Mas isto não significa que o caminho de volta ao desporto esteja aberto. Existe um conceito de regresso ao desporto baseado em seis etapas (= dias). Para cada uma das actividades permitidas, o atleta deve estar absolutamente livre de sintomas antes de entrar na fase seguinte. Inversamente, se ocorrer algum problema durante o exercício, então o programa deve ser reiniciado ao nível anterior ou repetido até que não ocorram mais queixas. As seis etapas são:
Descanso mental e físico até à ausência de sintomas
- Exercício físico leve, como caminhar, bicicleta de exercício
- Cargas desportivas específicas tais como corrida, patinagem
- Formação sem contacto físico
- Formação com contacto corporal
- Actividade semelhante à concorrência
O programa Return-to-Sport requer muita paciência, responsabilidade pessoal e disciplina de todos os envolvidos para proteger o cérebro de novos danos. Deve ser salientado mais uma vez com rigor que entrar demasiado cedo em actividades de competição quando os sintomas ainda estão presentes é um risco real para o atleta.

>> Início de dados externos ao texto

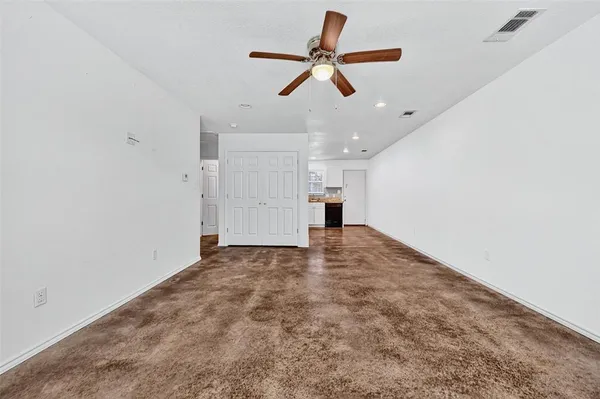 a view of empty room with wooden floor and ceiling fan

Descrito desta forma, toda a questão parece proceder de forma bastante linear, e muitas vezes acontece no desporto. No entanto, é importante estar ciente de que existem também cursos menos favoráveis de concussões leves, e estas devem ser seriamente abordadas. Para tais cursos, vale a pena abordar os problemas de uma forma multidisciplinar com testes neuropsicológicos, vestibulares e oftalmológicos, de preferência em centros especializados (por exemplo, o Swiss Concussion Center em Zurique).
Literatura:
- Cusimano MD, et al: Avaliação dos eventos de colisão de cabeças durante o Torneio do Campeonato do Mundo de 2014 da FIFA. Jama 2017; 317(24): 2548-2549.
- Teasdale G, Jennett B: Avaliação do estado de coma e da consciência debilitada. Uma escala prática. Lancet 1974, 2: 81-84.

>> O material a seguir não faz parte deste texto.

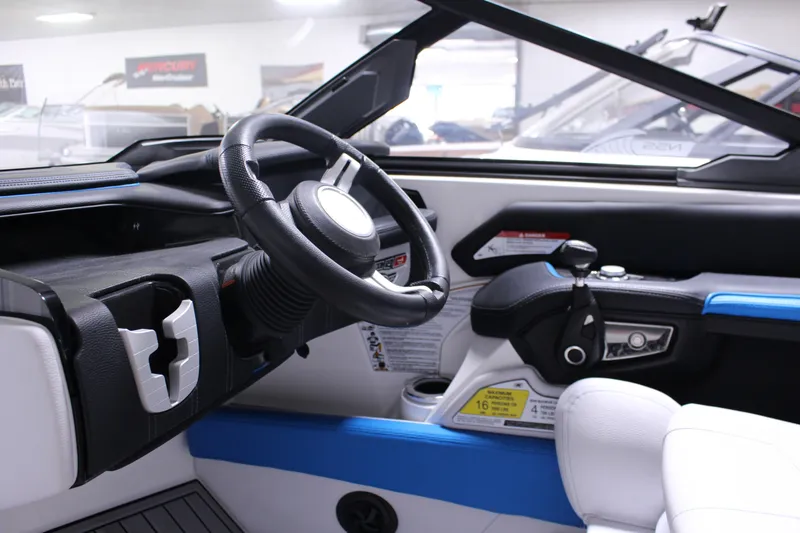 Slide: The Image of 2019 Nautique Super Air Nautique G23 interior with steering wheel and control panel. - 4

- Concussion Recognition Tool 5 Pocket Card (CRT5) www.dfb.de/fileadmin/_dfbdam/130132-LSHT_taschenkarte.pdf
- Concussion Recognition Tool 5: CRT5) http://bjsm.bmj.com/content/bjsports/early/2017/04/26/bjsports-2017-097508CRT5.full.pdf
- SCAT 3: http://bjsm.bmj.com/content/bjsports/47/5/259.full.pdf)
- Ferramentas em língua alemã: www.schuetzdeinenkopf.de/LSHT_handouts/LSHT_publikationsliste/LSHT_flyer_mediziner/
- Diaz-Arrastia R, Wang KK, et al: Acute biomarkers of traumatic brain injury: relationship between plasma levels of ubiquitin C-terminal hydrolase-L1 and glial fibrillary acidic protein. Journal of neurotrauma 2014; 31(1): 19-25.
- Papa L, Lewis L, et al: Níveis elevados de produtos séricos de degradação da proteína glial fibrilária em lesões cerebrais traumáticas leves e moderadas estão associados a lesões intracranianas e intervenção neurocirúrgica. Annals of emergency medicine 2012; 59(6): 471-483.